Debutant left-arm pacer Rumman Raees is an able replacement for Amir as he showed in the first semi-final against England. Captain Sarfaraz Ahmed has settled in nicely with this bunch and knows exactly when to push them in the attack for maximum effect.
As it has been throughout the tournament, the odds continue to be stacked against Ahmed’s boys in the final as well. Barring the odd blip against Sri Lanka, defending champions India have trampled all their opponents to storm into the final. Unlike Pakistan, who draw most of their strength from bowling, India have proved to be very effective with the ball as with the bat.
Besides, Virat Kohli and Co have previously played two games at the Oval which has resulted in a defeat (against Sri Lanka) and a victory (against South Africa), so they know precisely what the surface has in store.
In contrast, Pakistan will have to adapt quickly as they will be playing their first match of the tournament at the Oval.
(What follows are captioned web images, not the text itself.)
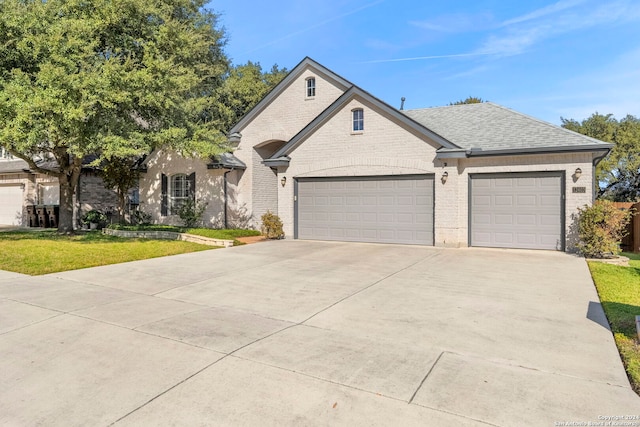 view of front of house featuring a garage and a front yard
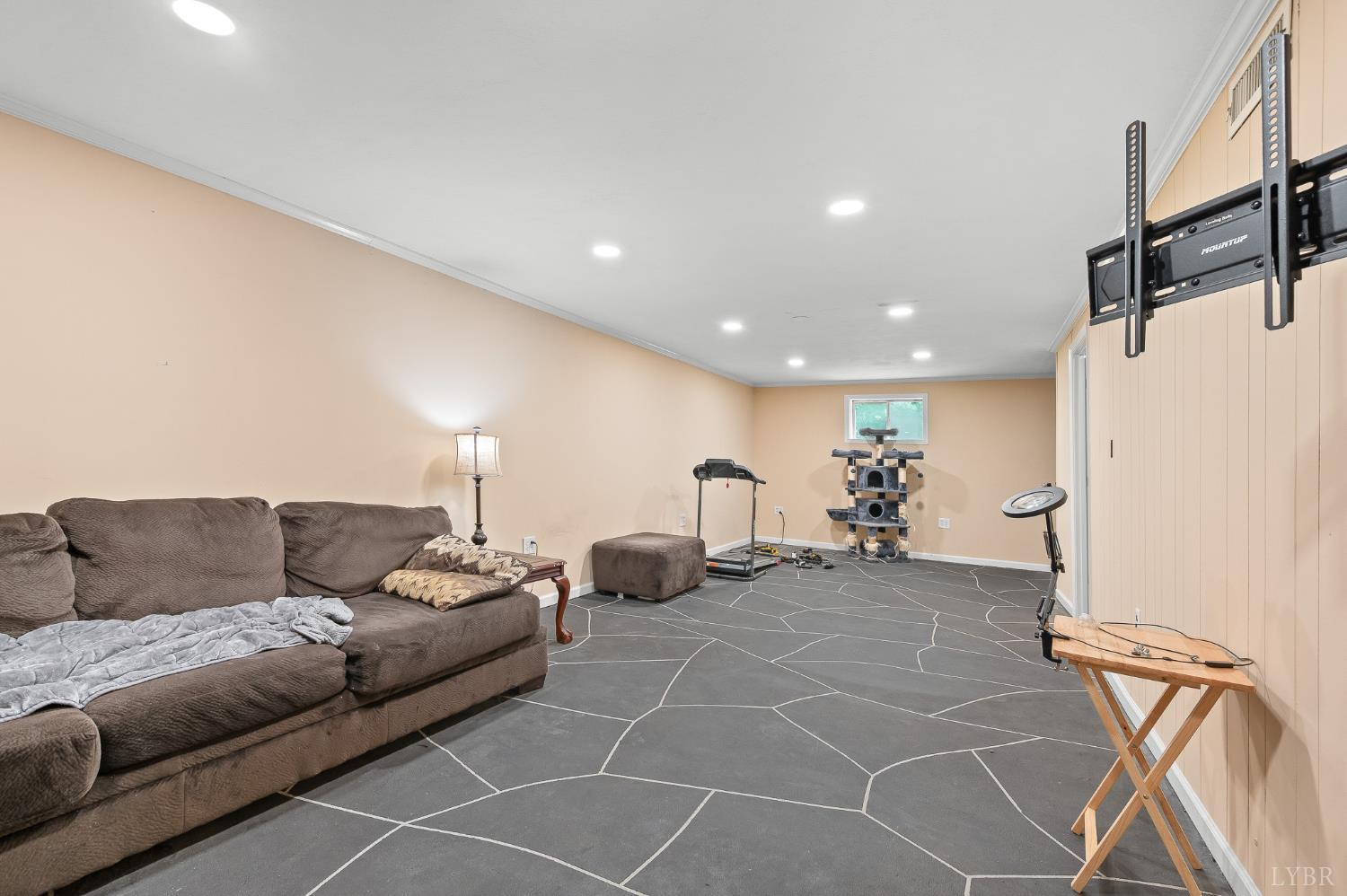 969 Hawkins Road Evington, VA 24550 - Photo 27 of 40 The large "rec room" on terrace level. The window wall and the wall behind the couch (front wall of house) had carbon fiber strips installed, sump pump installed, french drain installed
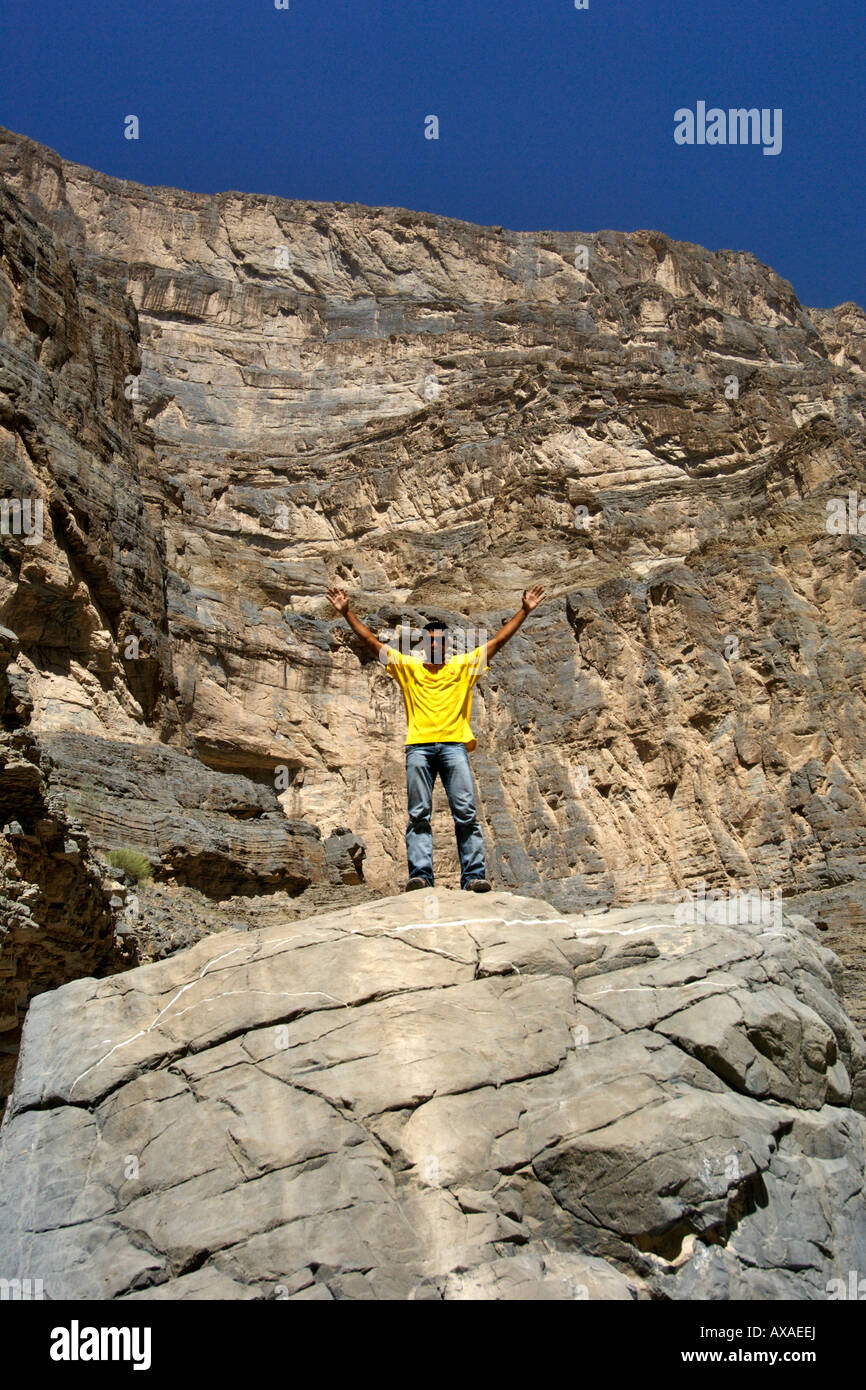 Un homme dans une chemise jaune du Wadi Nakhr, près de l'Oued Ghool à Jebel Akhdar dans l'Ouest de montagnes Hajar du sultanat d'Oman. Banque D'Images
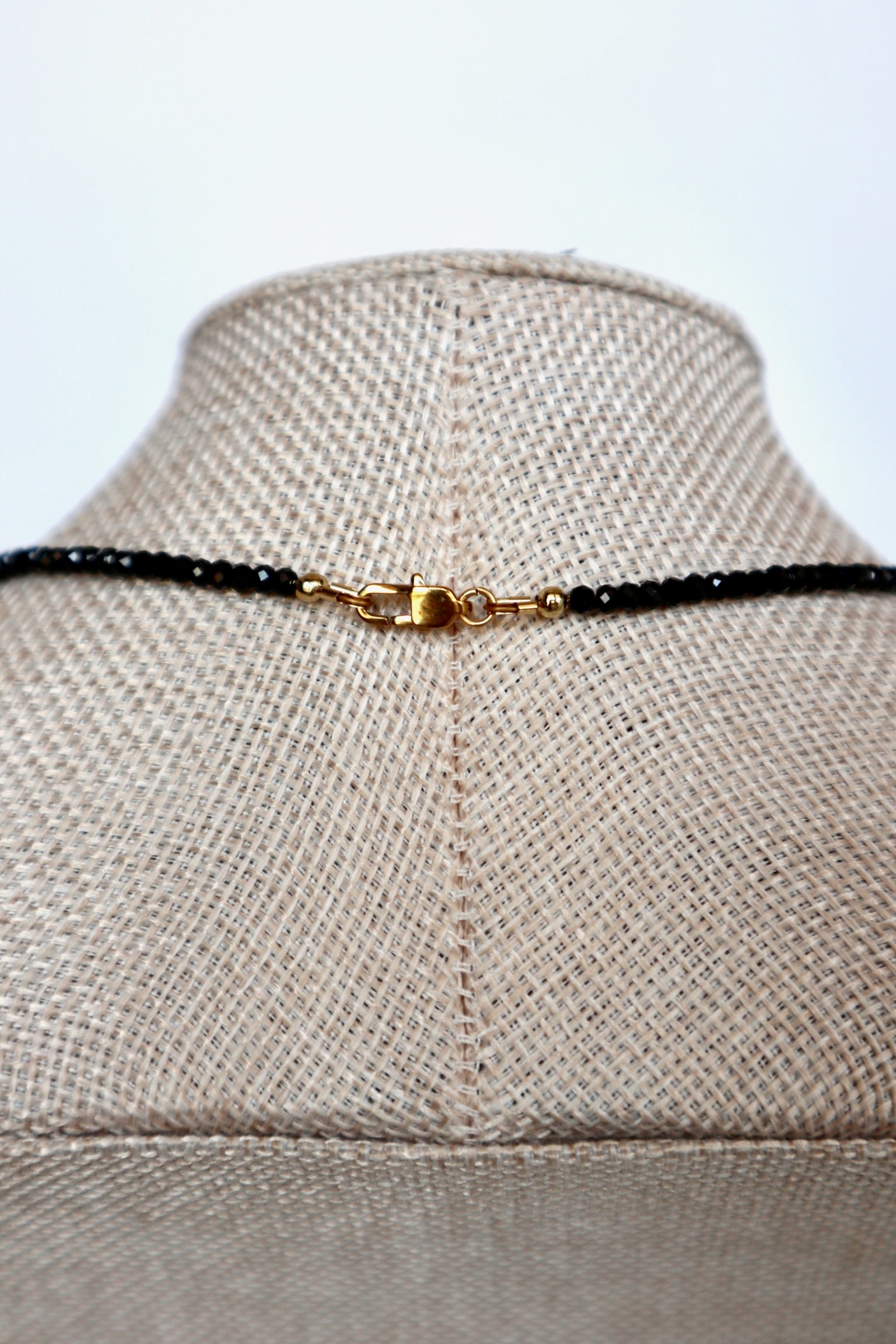 Auréad Designs Corvine necklace back clasp detail showing gold stainless steel lobster claw clasp with black spinel bead strand on linen bust form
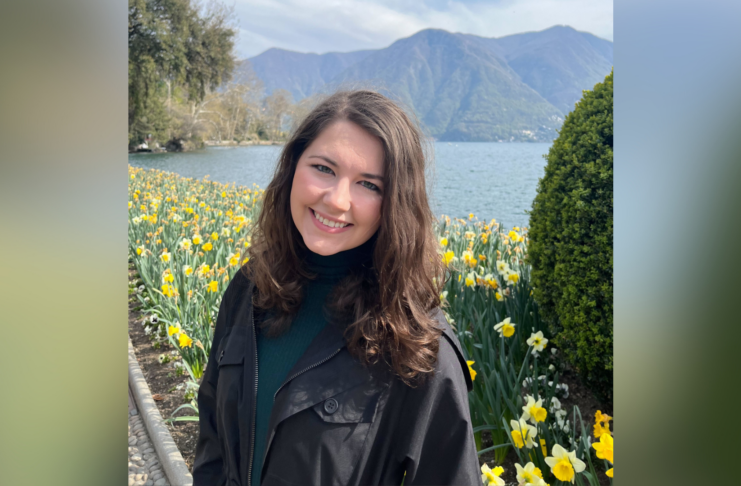 A young woman wearing a green shirt and black jacket poses for a photo, with daffodils, a lake and a mountain in the background.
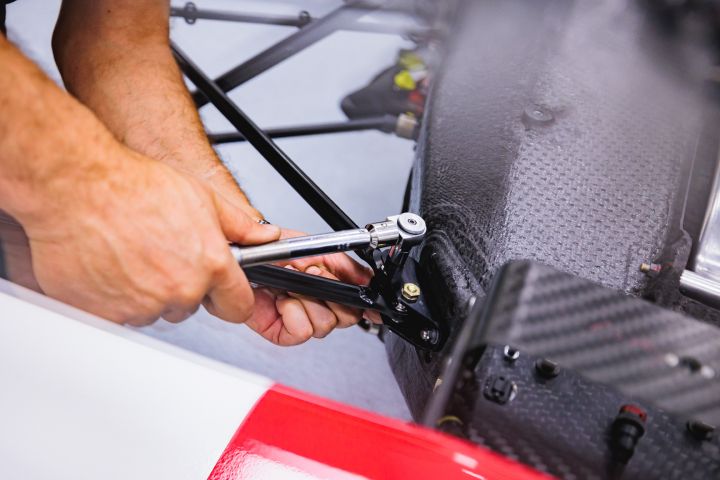 Ein Mechaniker zieht eine Schraube am Nissan Formel E Rennwagen fest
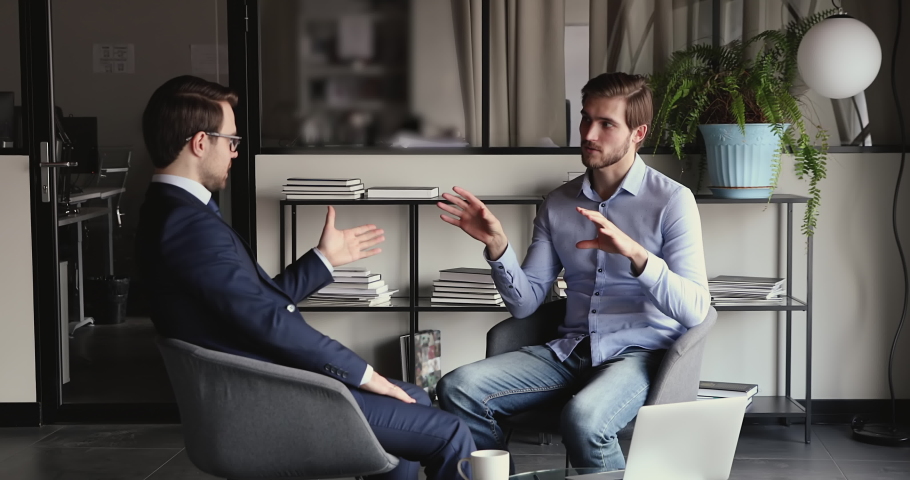 Young confident businessman discussing investment opportunity with financial expert in formal wear, seated on comfortable chairs in office. Smart startup owner consulting with lawyer at meeting.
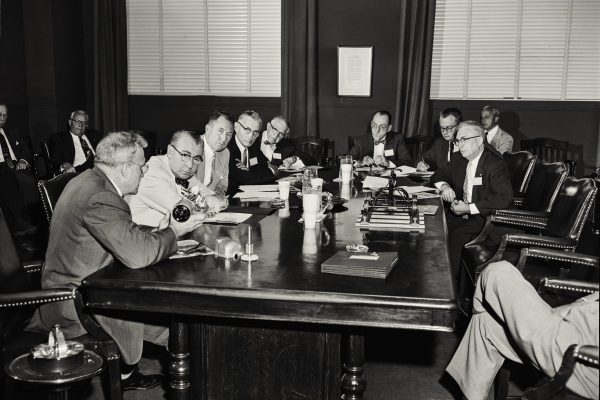 Ralph Presents 
"Speedostat" at Press
   Conference - 1957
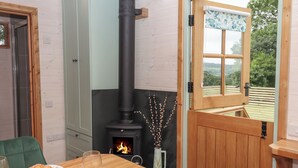 A cozy room with a wood-burning stove, a dining table with breakfast items, and a view through a window. - Lottie's Hut (Okehampton)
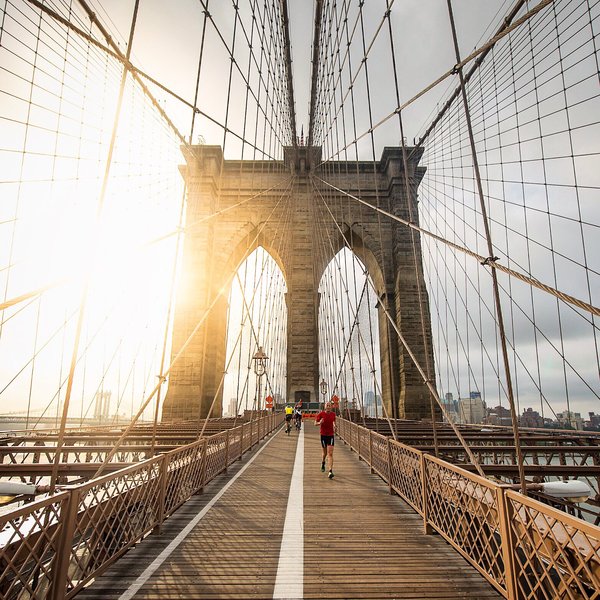 A person in athletic wear jogs across the Brooklyn Bridge during sunrise. The bridge's iconic cables frame the stone arches, and the early morning light creates a warm, glowing effect. The city skyline is faintly visible in the background.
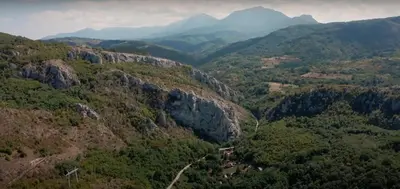 a view of a mountain valley with trees and mountains at Dom sa pogledom Jela in Jelašnica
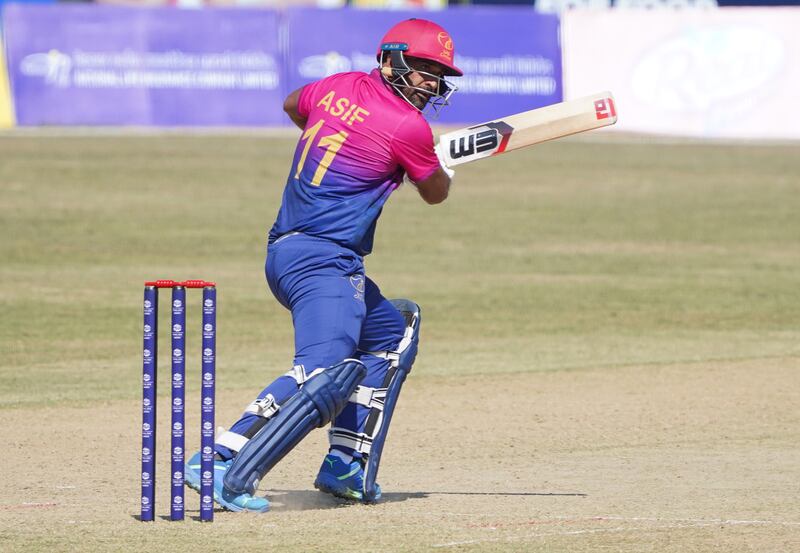 Asif Khan watches the ball after playing a shot.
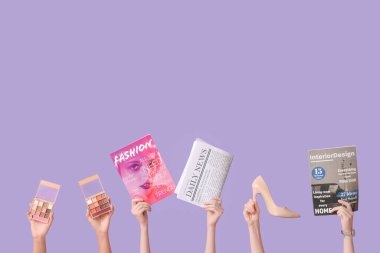 Farklı dergilere, gazetelere, yüksek topuklulara ve eflatun arkaplanına sahip kadın elleri.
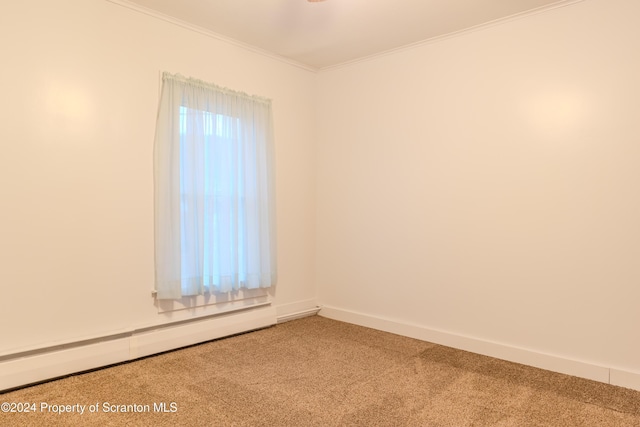 carpeted spare room with ornamental molding and baseboard heating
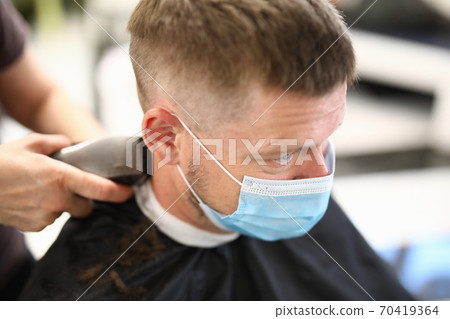 Young man in protective mask on face makes haircut in beauty salon portrait Young man in protective mask on face makes haircut in beauty salon portrait 70419364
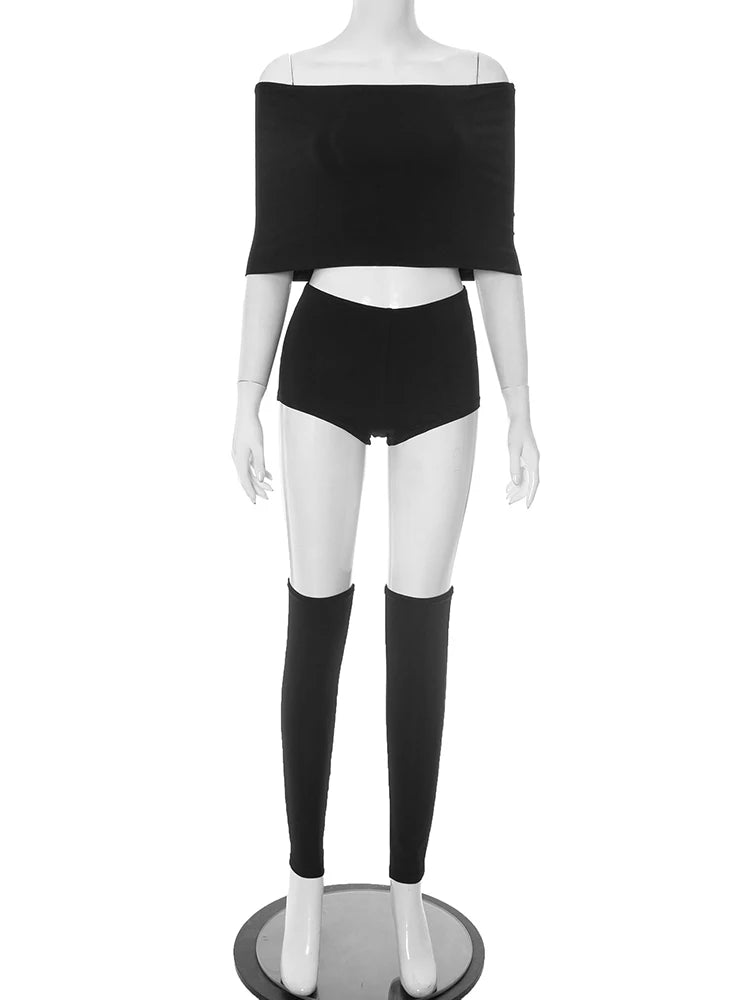 Mannequin wearing a black off-shoulder top and shorts on a white background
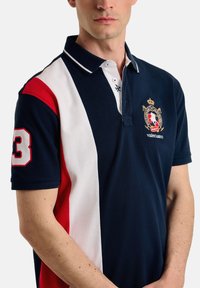 Polo de color navy con paneles rojos y blancos, mangas cortas, collar de dos botones y escudo bordado en el pecho. Presenta un gran número "3".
Above all, the biggest factor that will determine the winners will not be the odds or their past displays. It will all boil down to how much self-belief Pakistan carry into the game. In the previous match they were a bunch of nervous wrecks allowing India to dictate.
If Pakistan raise their level, backed by a strong desire to win, we can expect a cracker of a contest where Ahmed’s boys can even lay their hands on the trophy. They will have to seize the key moments and run away with it but if they falter, Kohli’s boys will not give them a second chance.
The plan is simple: deny Indians the runs, the rest will take care of itself, provided Pakistan batting doesn’t have a hopeless day.
Pakistan have done exceedingly well to win three matches in a row after a heart-breaking defeat consigning their unpredictability factor to the bin. However, the big question returns to haunt them again ahead of the final: whether they have left enough gas in the tank for a fourth victory or will they get overwhelmed by the big occasion and the ‘old enemy’?